As the last days of the old Administration ticked away, Washington got set for a costly carnival to welcome in the new. Bunting curled around Pennsylvania Avenue lampposts from the White House to Capitol Hill. From nearly every store window beamed the twin pictures of Alben Barkley and Harry Truman. Expecting nearly a million elbowing visitors this week, a 1,300-member committee toiled feverishly to make the four-day show the biggest, most expensive Presidential Inauguration in history. After all, it was the nearest thing the U.S. had to a coronation, a rare chance for the republic's leaders to turn out in top hats.

Only the privileged would see the formal ceremonies on the Capitol steps, conducted before an $80,000 grandstand erected by the 80th Congress, in anticipation of a Republican President. But there were some 80 other special events, from a Hollywood variety show to the formal Inaugural Ball in the National Guard Armory. There would be a 7-mile-long parade, with 40 floats, 30 bands, a steam calliope, thousands of marching troops and civilians, an air umbrella of 650 military aircraft.

Coffee, 15-c-. The prices were an indication of the times. Some 47,000 grandstand seats along the parade route were sold out--at $2 to $10 a throw. Street concessionaires posted their price lists: coffee, 15-c-; hot dogs, 20-c-. Washington hotels had been booked solid for months--some at triple the normal rate--and clamorous visitors were begging for sleeping space as far away as Philadelphia and Pittsburgh.

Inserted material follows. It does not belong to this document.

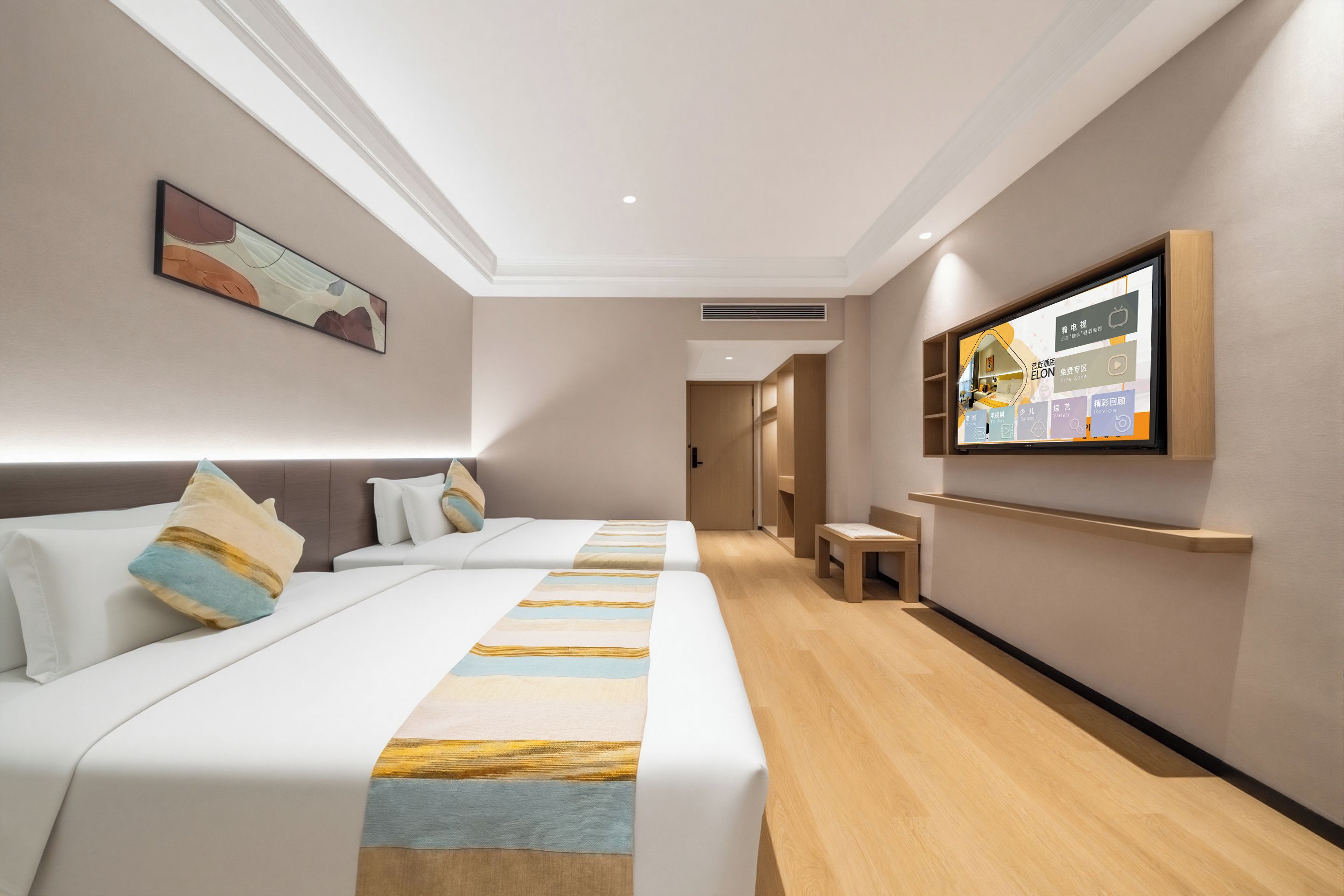 Una habitació d'hotel amb dos llits, una televisió i un quadre a la paret.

Affecting to be a little embarrassed by all the ceremony, Harry Truman quietly waited the day which would bring him into the presidency in his own right. He worked on his inaugural address, admired his wife's and daughter's new clothes (a black-and-grey silk for Bess Truman, red gabardine for Margaret), answered his own invitation to the ceremonies with a little gag: "Weather permitting, I hope to be present. HST."*

New Faces. For him, it was a week of beginnings and endings. He posed with his official family for the last Cabinet picture of his first Administration, giving the public one of its infrequent looks at men like Donaldson, Brannan and Sawyer. Of the men grouped around Truman, only one was a holdover from Franklin Roosevelt's regime. He was Defense Secretary James Forrestal, and he was on his way out.

One important face was missing from the picture: the stern, lined face of George Catlett Marshall (departing Under Secretary Robert Lovett stood in for him). Truman had already taken his leave of Marshall, in characteristic fashion. Ducking out from the White House after lunch one day last week, he flew down to Pinehurst, N.C. for a chatty visit with Marshall, who did not know he was coming. "I needed to see the Secretary of State," said the President, "so I went to see him."

As much as any single event, the loss of George Marshall marked for Harry Truman and the U.S. the transition from something old to something new.

*On his 1941 invitation Franklin Roosevelt scrawled a similar note to Military Aide "Pa" Watson: "Tell them I will go if I can arrange it. FDR."